Supernatural has attempted several spinoffs during its time, all without success. But the first pilot is actually the show’s lowest-rated episode.
Supernatural’s most disliked episode was, strangely, the long-running fantasy series’ first backdoor pilot for a spinoff. The main Supernatural series is currently in the process of wrapping up Sam and Dean Winchester’s story after an epic 15 season run. With God as the final villain, the Winchesters have their backs against the wall, and fans are eagerly waiting to discover the fates of the brothers before Jensen Ackles and Jared Padalecki move on to pastures new.
Supernatural’s legion of loyal followers across the world might not feel the show’s ending so keenly if there was a spinoff series currently airing that could cushion the blow, but it’s not for want of trying. The CW have shown tremendous faith in Supernatural over the years and have made several attempts to capitalize on the show’s fandom with a spinoff series, failing on each occasion. The first effort came with season 9’s “Bloodlines” and would’ve moved the action from rural America to the bright lights of Chicago, where families of vampires, werewolves and other assorted monsters were involved in a mafia-style turf war. The idea was never developed into a full series, but Supernatural valiantly tried again in 2018 with “Wayward Sisters,” once again hitting a dead end.
Unless Supernatural drops the ball massively within the handful of remaining episodes, the show’s official lowest-rated episode, according to IMDB (via Reddit), will go down as “Bloodlines.” Due to its episodic structure, Supernatural’s episode ratings do have a tendency to vary wildly, but “Bloodlines” is the only episode to drop below a 6/10 score in Sam and Dean’s history, coming in at a slightly-above-average 5.8. Many fans cite the distinct shift in tone for the failure of “Bloodlines,” with very few elements from the main series crossing over. However, it might also be fair to say that the monster mafia concept came off a little corny, lacking the lighter edge that Sam and Dean’s adventures usually employ to counterbalance the paranormal madness.
This unenviable honor is perhaps a sign of how badly misjudged “Bloodlines” was in hindsight. Not only did the episode fail to inspire calls for an entire spinoff series, but it didn’t even work as a single, standalone story. The lack of focus on the central trio of Sam, Dean and Castiel can bear some responsibility, but since other Winchester-lite offerings have fared much better, the lion’s share of the blame must surely rest upon the core idea of a Bloodlines spinoff. The low rating also highlights the range of more attractive options Supernatural had as potential spinoffs (such as the Ghost Facers, who enjoyed a 10 episode webseries, or Garth’s werewolf family) that would’ve incorporated more familiar characters.
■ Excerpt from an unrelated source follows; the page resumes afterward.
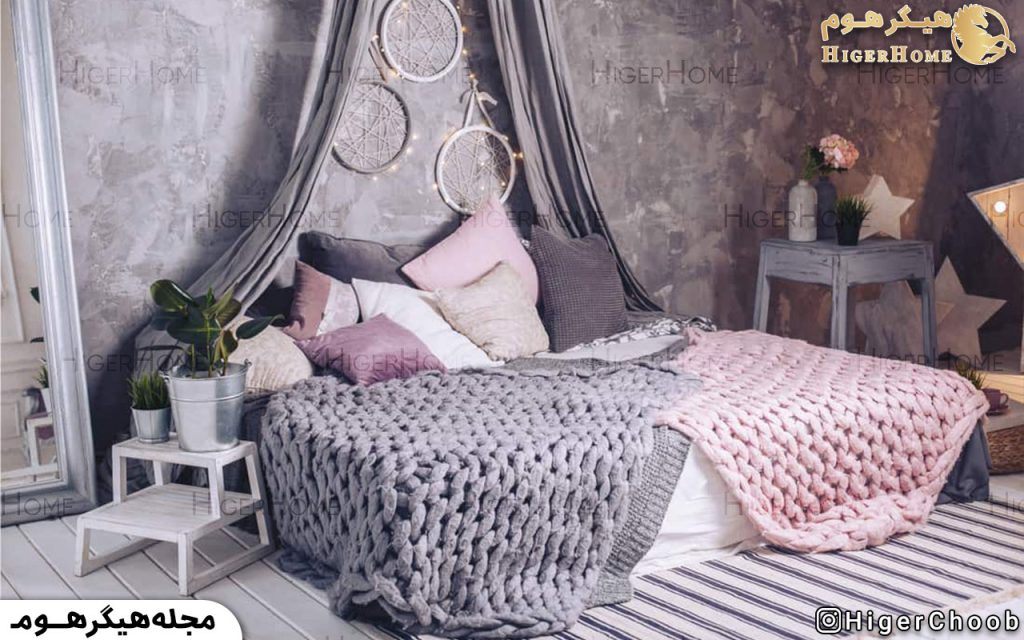 HigerHome.com - اتاق خواب دخترانه طوسی صورتی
Indeed, The CW used one such idea with its second backdoor pilot, “Wayward Sisters.” Based around Jodie and her band of female orphans and strays, Wayward Sisters was billed as a static spinoff that would combine the usual hunting action with the drama of a surrogate family. The “Wayward Sisters” episode enjoyed a far brighter reception than “Bloodlines,” and currently holds a sold 8.4 rating on IMBD, but the option to green-light a whole series wasn’t taken and, unlike before, this caused disappointment among fans. If The CW ever decide to revisit producing a spinoff when Supernatural finally comes to a close, they’d surely find a willing audience… just not with Bloodlines.